▶ _Data shown_:

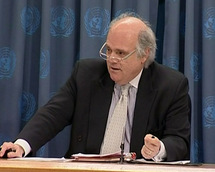 المدعي العام الدولي دانيال بلمار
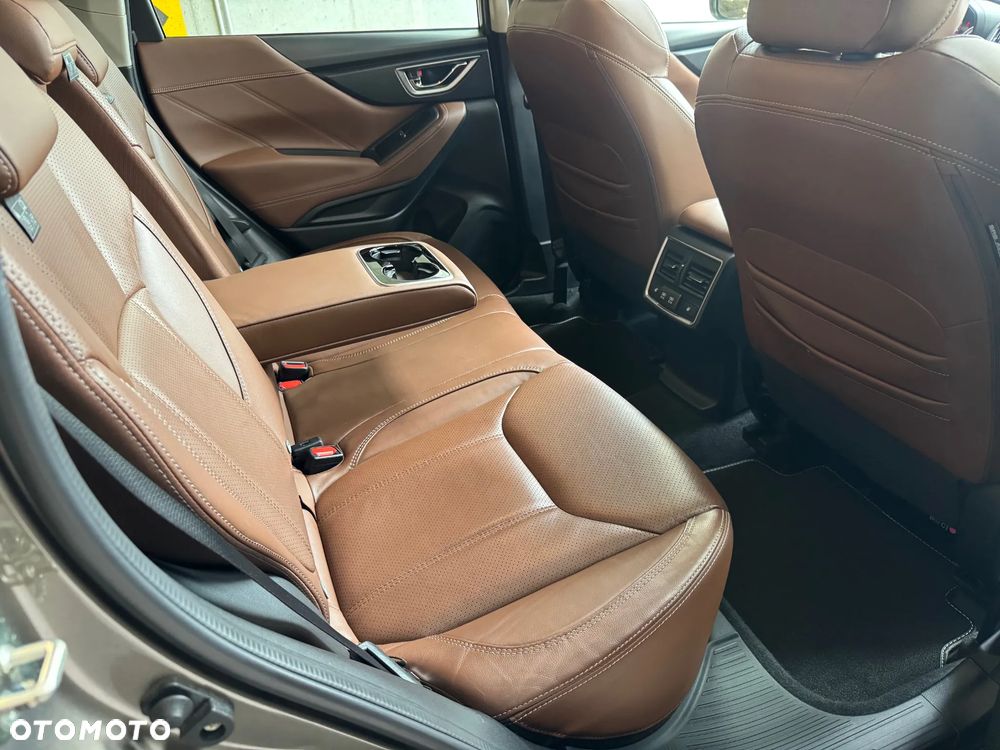 Subaru Forester 2.0i-L Platinum (EyeSight) Lineartronic - 20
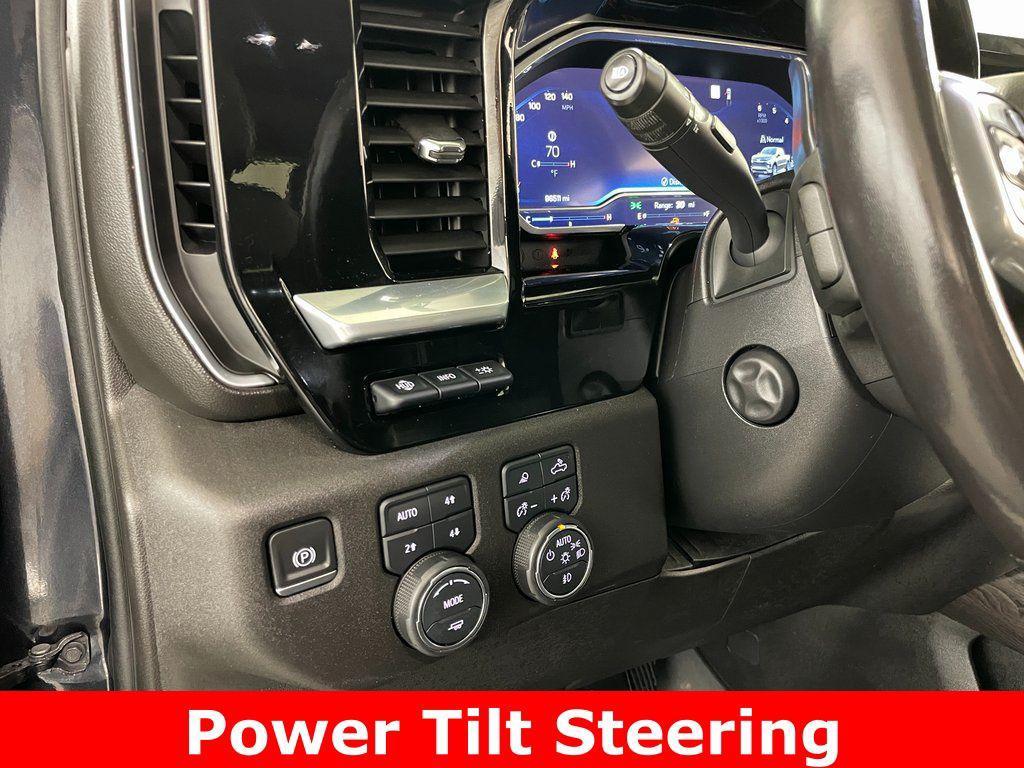 used 2022 Chevrolet Silverado 1500 car, priced at $37,325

▶ _What you will do_:
Omitting all images, print the listing exactly.

▶ _Reply to the exercise_:
 المدعي العام الدولي دانيال بلمار
 Subaru Forester 2.0i-L Platinum (EyeSight) Lineartronic - 20
 used 2022 Chevrolet Silverado 1500 car, priced at $37,325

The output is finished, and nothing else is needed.